Environmental considerations for shale gas:
However, not all is rosy in this shale gas scenario – in particular environmental and costs considerations have surfaced. Scientists have speculated the following environmental concerns:
- Hydraulic fracking possibly causing two separate earthquakes in Ohio and Blackpool, UK, although the link has not been confirmed.
- Fracking chemicals leakage to the water aquifer in Wyoming as detected by the Environmental Protection Agency, (EPA). Again the evidence is not conclusive, but this has led to legislation requiring drilling companies to publicise the content of their proprietary fracking liquids. Many in the industry advocated tighter regulations and casings on the drilling as enough to prevent such leakages.
- Huge amount of water resources needed for the fracking process. Total volume pumped into a well is from 7500-20000 cubic metres. (source: IEA GAS report)
- From well head to burner, shale gas production is also more emissions intensive relative to conventional drilling – although only marginally at 3.5%1 higher than conventional gas production if modern techniques are used. (source: IEA GAS report)
Already, these environmental concerns have led to bans and moratorium in Europe – in particular France, Germany and Britain.

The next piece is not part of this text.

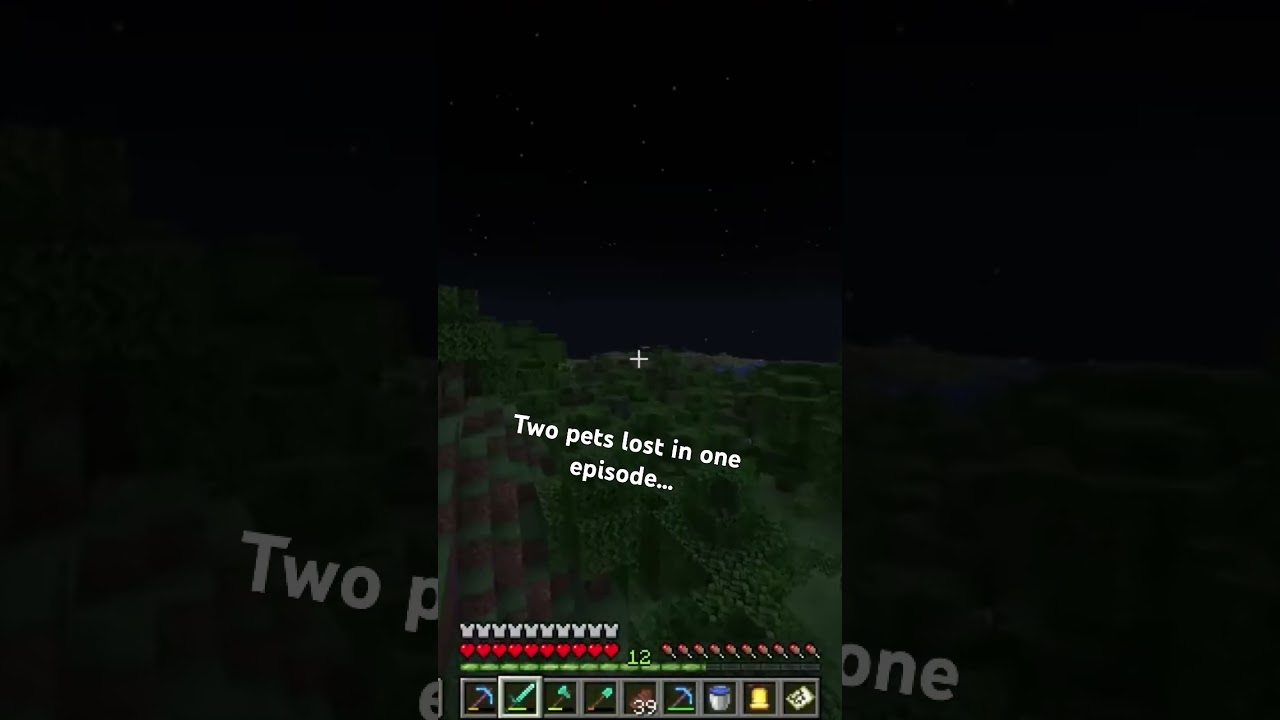 Willy might be dead… #minecraft #gaming #survival #games #minecraftsad #sad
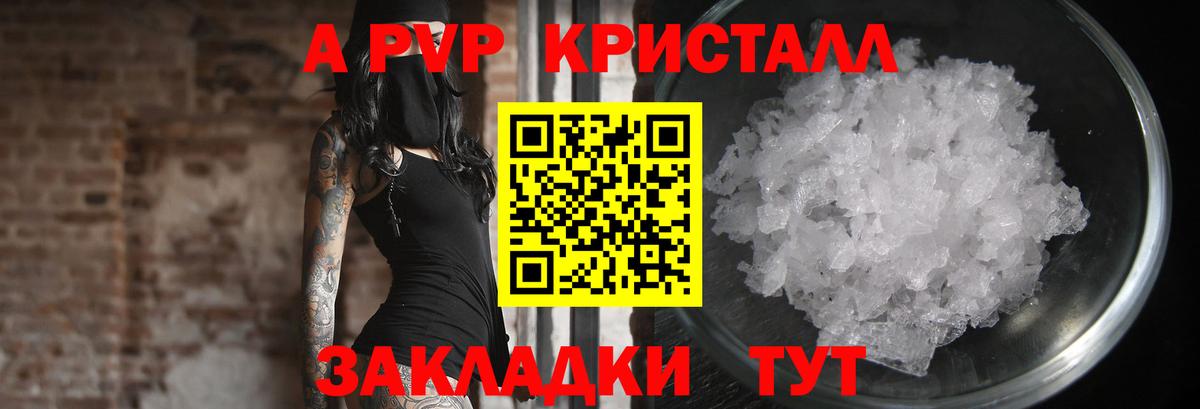 Alfa_PVP СК Губкин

Only Poland has been going ahead in the environmental conscious continent.
There is also a lack of price projection and its effect on project economics. With estimated break even costs for shale gas production at about $4 mmBtu2 and present Henry Hub prices at $3 mmBtu3, present production is at a loss. The shale gas revolution is a victim of its own success in the United States. Supply glut is only expected to clear in 2015. A key reason investments still keep flowing is technology transfer and realising that shale gas could be a future revolution.

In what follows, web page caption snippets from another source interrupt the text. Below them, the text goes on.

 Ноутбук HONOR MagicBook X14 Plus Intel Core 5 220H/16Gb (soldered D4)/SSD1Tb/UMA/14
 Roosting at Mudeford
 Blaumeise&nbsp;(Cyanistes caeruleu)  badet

Notwithstanding these, production over the past 3-4 years is still shedding light on the reserves profile. Presently, a hyberbolic decay profile is assumed whilst in a study an exponential decay is found more appropriate. Total recovery is reduced by half consequentially. Given the short life of existing wells, costly re-fracking may also be needed later. These have important impacts on project economics. Already, reserves estimation in the large Marcellus shale resources has been reduced in a new USGS survey to 84 tcf from a previous 264 tcf by the Department of Energy.

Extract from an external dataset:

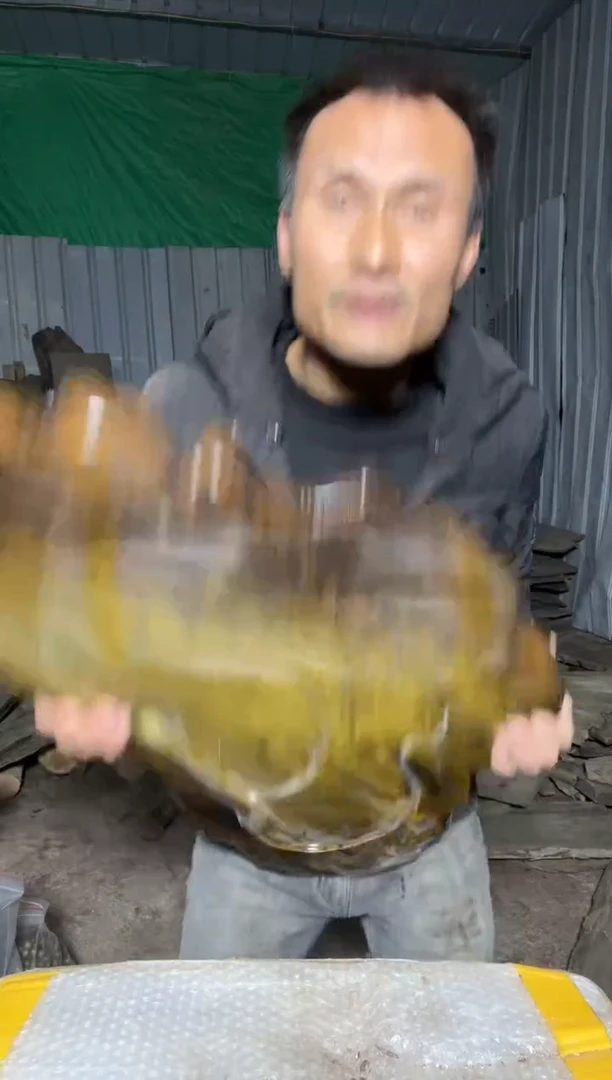 美****边木板11111111恩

Implications: Higher costs and lesser abundance
The overall implications of these environmental considerations and project economics are potentially higher costs and lesser abundance. However the cause and effect may not be linear. Potential factors include the fast development of LNG infrastructure to link world markets3, and the de-linkage of gas to oil prices outside of the Americas. Maintaining gas prices linkage to oil indices will de-link its own supply and demand fundamentals to gas prices. The construction of LNG terminals will facilitate the export of the gas to markets in Asia, priced at >$10/mmBtu. See the author’s earlier article on a trading hub in Asia. The consequential development of any protocol post 2015 will have a bearing on the relative emissions advantage of natural gas to its substitutes, fuel oil and coal.
1 – Other study reports highlight shale gas emissions (including the higher GWP of methane) to be much higher. This remains a subject of debate.
2 – This estimate figure varies greatly among different well and reports – $2-$6 per mmBtu.
3 – This is progressing at a fast pace worldwide, but still faces obstacles – for example the recent aborted Hess Fall River project.